Consider a doctor making a house call to vaccinate a child, who discovers that the child has stolen their bag (with the fragile needles inside) and is currently holding it out a window. The child will drop the bag, shattering the needles and potentially endangering bystanders, if they believe that the doctor will vaccinate them (as the parents request and the doctor thinks is morally correct / something the child would agree with if they were older). How does the doctor navigate this situation?
Yes that’s what would happen if the AI tries to build a model for humans. My point is that if it was to instead simply assume humans were an exact copy of itself, so same utility function and same intellectual capabilities it would assume that they would reach the same exact same conclusions and therefore wouldn’t need any forcing, nor any tricks.
A legal contract is written in a language that a lot of laypeople don’t understand. It’s quite helpful for a layperson if a lawyer summarizes for them what the contract does in a way that’s optimized for laypeople to understand. A lawyer shouldn’t simply assume that his client has the same intellectual capacity as the lawyer.
Hmm… the idea of having an AI “test itself” is an interesting one for creating honesty, but two concerns immediately come to mind:
The testing environment, or whatever background data the AI receives, may be sufficient evidence for it to infer the true purpose of its test, and thus we’re back to the sincerity problem. (This is one of the reasons why people care about human-intelligibility of the AI structure; if we’re able to see what it’s thinking, it’s much harder for it to hide deceptions from us.)
A core feature of the testing environment / the AI’s method of reasoning about the world may be an explicit acknowledgement that its current value function may differ from the ‘true’ value function that its programmers ‘meant’ to give it, and it has some formal mechanisms to detect and correct any misunderstandings it has. Those formal mechanisms may work at cross purposes with a test on its ability to satisfy its current value function.
Hi Vaniver, yes my point is exactly that of creating honesty, because that would at least allow us to test reliably so it sounds like it should be one of the first steps to aim for.
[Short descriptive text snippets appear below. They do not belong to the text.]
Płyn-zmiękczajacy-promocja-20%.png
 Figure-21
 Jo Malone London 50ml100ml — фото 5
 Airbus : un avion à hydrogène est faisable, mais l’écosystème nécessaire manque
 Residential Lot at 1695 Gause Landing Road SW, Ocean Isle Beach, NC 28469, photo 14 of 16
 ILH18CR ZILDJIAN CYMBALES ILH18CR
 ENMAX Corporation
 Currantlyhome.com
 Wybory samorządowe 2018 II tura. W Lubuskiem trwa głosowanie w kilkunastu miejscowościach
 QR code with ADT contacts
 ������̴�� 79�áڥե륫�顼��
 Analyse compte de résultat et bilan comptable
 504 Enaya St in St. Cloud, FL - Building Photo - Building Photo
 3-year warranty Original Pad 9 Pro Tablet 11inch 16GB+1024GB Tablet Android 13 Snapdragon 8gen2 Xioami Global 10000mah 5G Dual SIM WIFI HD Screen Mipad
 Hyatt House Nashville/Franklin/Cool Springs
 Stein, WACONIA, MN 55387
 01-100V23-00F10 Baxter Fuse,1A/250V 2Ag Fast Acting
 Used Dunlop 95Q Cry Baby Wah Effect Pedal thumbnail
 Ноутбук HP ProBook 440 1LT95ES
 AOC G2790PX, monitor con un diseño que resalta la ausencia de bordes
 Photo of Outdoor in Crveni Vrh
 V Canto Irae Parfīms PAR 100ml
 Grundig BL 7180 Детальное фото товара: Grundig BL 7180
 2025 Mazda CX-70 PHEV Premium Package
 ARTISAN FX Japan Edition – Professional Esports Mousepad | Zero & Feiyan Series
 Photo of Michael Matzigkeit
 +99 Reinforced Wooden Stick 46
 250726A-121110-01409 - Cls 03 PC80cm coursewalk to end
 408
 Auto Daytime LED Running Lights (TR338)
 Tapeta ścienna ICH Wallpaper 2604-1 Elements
I’ll just write a couple of lines to specify my thought a little further, which is to design an AI that: 1- uses an initial utility function U, defined in absolute terms rather than subjective terms (for instance “survival of the AI” rather than “my survival”); 2- doesn’t try to learn another utility function for humans or for other agents, but uses for everyone the same utility function U it uses for itself; 3- updates this utility function when things don’t go to plan, so that it improves its predictions of reality. In order to do this, this “universal” utility function would need to be the result of two parts: 1) the utility function that we initially gave the AI to describe its goal, which I suppose should be unchangeable, and 2) the utility function with the values that it is learning after each iteration, which hopefully should eventually resemble human values as that would make its plans work better eventually. I’m trying to understand whether such a design is technically feasible and whether it would work in the intended way? Am I right in thinking that it would make the AI “transparent”, in the sense that it would have no motivation to mislead us. Also wouldn’t this design make the AI indifferent to our actions, which is also desirable? Seems to me like it would be a good start. It’s true that different people would have different values, so I’m not sure about how to deal with that. Any thought?